ブロックスの17
事態を甘く見ていたところがあったのは紛れもない事実だ。あれだけ熱心に語るラフィを前にしたところで、結局のところ彼女の勘を信用しきれていなかった。
疑うべきではなかった。理屈を超えた直感を、言葉にできない実感を、どんなに証拠に乏しくても、結局のところ、火のない所に煙は立たないのだから。
その結果が目の前で燃え盛る家だとするなら、どれほど後悔してもしきれない。瞳を乾かす高熱を前にしても、リュージは瞬き一つできなかった。
リュージ達がたどり着いたのは黒煙を見て数十分後のことだった。
たどり着くと同時に、リュージは脇に抱えていた二人をその場に落とした。
反応が間に合わずに顔面から地面に落ちたヴィートが、恨みがましそうにリュージを見上げている。
「……お、降ろすなら先に言ってくださいよ」
鼻血が出ていないか確かめながら起き上ったヴィートは、膝をついて呼吸を荒げているリュージを見て驚いた。
「だ、大丈夫ですか!」
「ああ、心配ねえよ」
「大丈夫に見えませんって! あんな速度で走り続けたらそうなりますよ! 疲れたんでしょ!?」
「いや、体力っていうか、集中力がな、頭が痛え……けど、時間もないか」
ステゴロソウルは調節が非常に難しい力だ。
ここに来る時の移動、ヴィートとラフィには気づかれないようにしていたつもりだが、繊細なガラス細工を脇に抱えたまま全力疾走しているのと変わらない状況だった。
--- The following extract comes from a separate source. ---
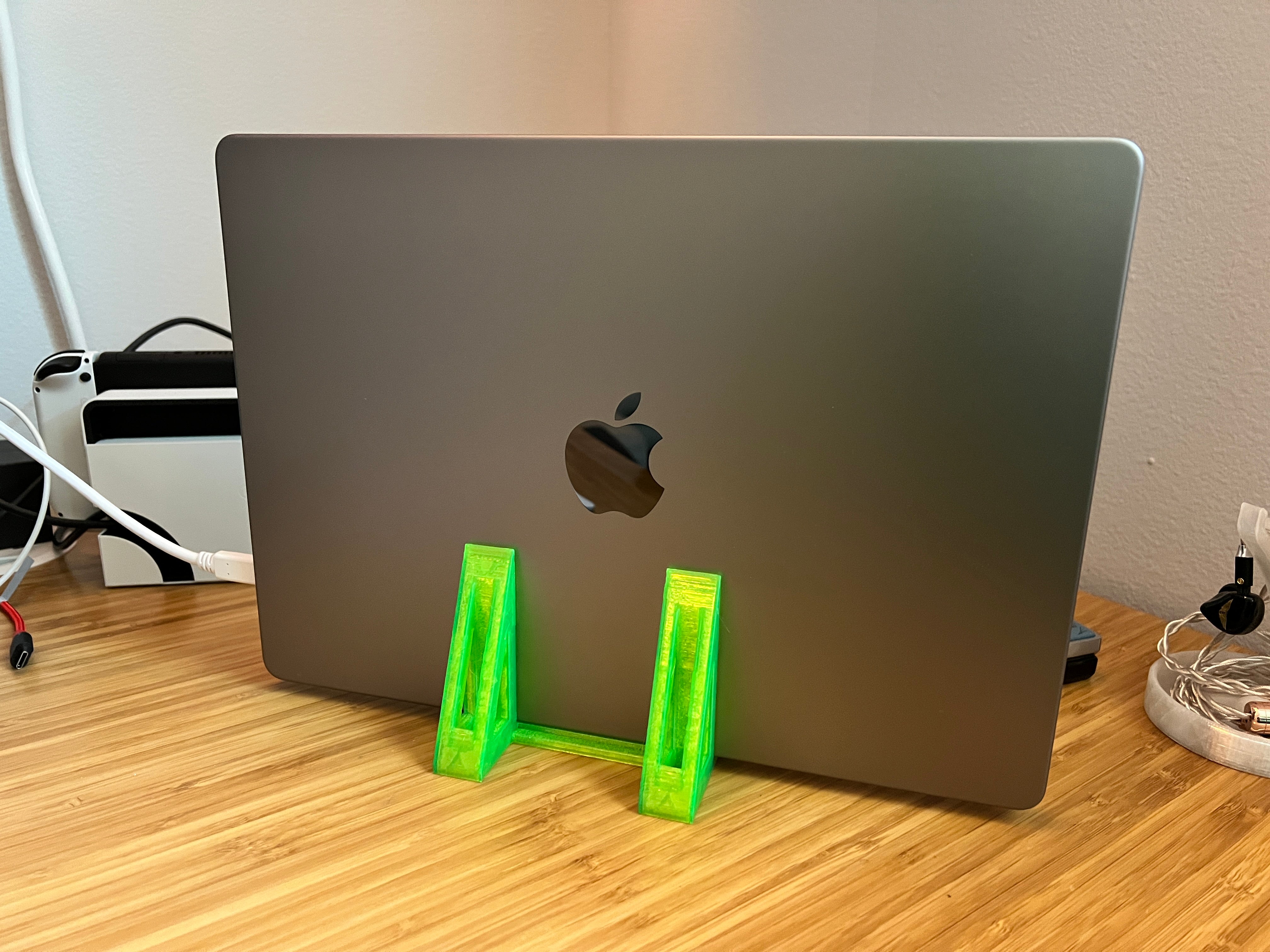 Vertikální stojan pro Macbook Pro 14'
集中力と精神力が限界まで削られるような事態だったのだ。おかげで今頭痛で倒れそうになっている。
だがリュージの言葉の意味が分からないのか、ヴィートは今一つ要領を得ずに困惑を露にしていた。
それでも体中から汗が吹き出し、呼吸もままならない今のリュージを動かすわけにはいかないことくらい分かる。
膝に力を入れて立ち上がろうとするリュージをヴィートは押しとどめた。
「無理ですよ! 少しは休まないと!」
「本当ならそうしたいとこなんだけどな、そうもいかないみたいだ」
リュージが目を注いでいるのは今も煙を吐き、崩れ落ちている一軒家、そしてその家の前に倒れている、傷だらけの老人、たった一日で変わり果てた姿になったヤコポだ。同時にそれに気づいたラフィが、立ち上がると、覚束ない足取りで老人の方へ歩き始めた。
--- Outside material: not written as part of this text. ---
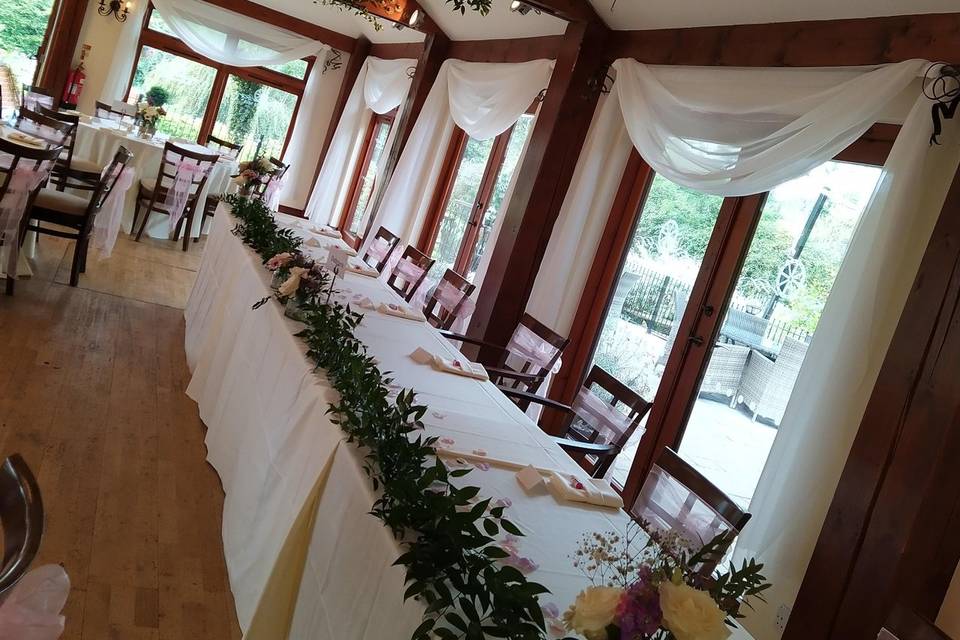 Top table garland window drape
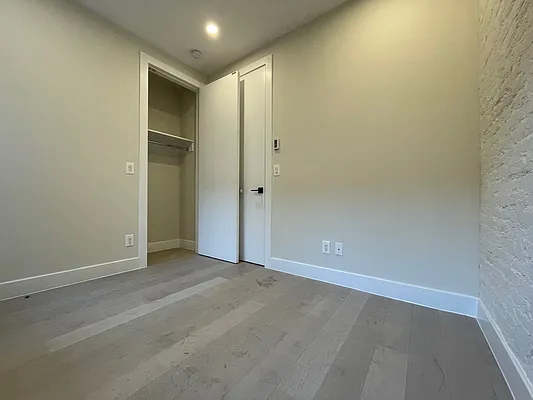 Rented by HOLTON REAL ESTATE INC. | media 14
その後ろ姿は、明らかに何も考えていない者のそれだった。リュージは慌ててその背中に呼びかける。
「ラフィ! ――ああくそ、聞こえてないか」
「動いちゃダメですって!」
「だったら肩貸してくれ、じっとなんてしとけるか」
「あ、え、わ、分かりました!」
ヴィートの肩を借りてラフィを追う、ぐるりと首を動かして荒らされた村を眺めた。教会以外の建物はすべて破壊されつくしていた。
不思議なことに燃えているのはヤコポの家だけだ。顔を険しくするリュージとは対照的に、ヴィートはその惨状に顔を青くしていた。
数歩先を歩くラフィが、ヤコポのもとへたどり着かんとしたその時、教会の中から、大柄な男が現れた。リュージには見覚えがある。
「なんだよ、帰ってきちまったのか」
「お前、マルチャーノと一緒にいた奴だな」
「お、兄ちゃん、まだいたのか、関わらない方がいいって言わなかったか――言ってねえか」
「……これ全部、お前がやったのか」
「うちの雇い主は元はアルカディアの出身でね、知ってるか、建物って大事な柱をいくつか壊すだけですぐ崩れるんだってよ、こんな時のために既に印はつけてたんだよ、楽な仕事だったぜ」
「う、嘘だ、こんなたくさんの家一人で壊せるわけない!」
「……その制服、ブロックスから来たのか」
ヴィートの騎士服を見て、男は焦燥を感じているようだった。無理もない、ただでさえ一般人と騎士の間には歴然とした力の差が存在する。それがブロックスの騎士ともなれば猶更だ。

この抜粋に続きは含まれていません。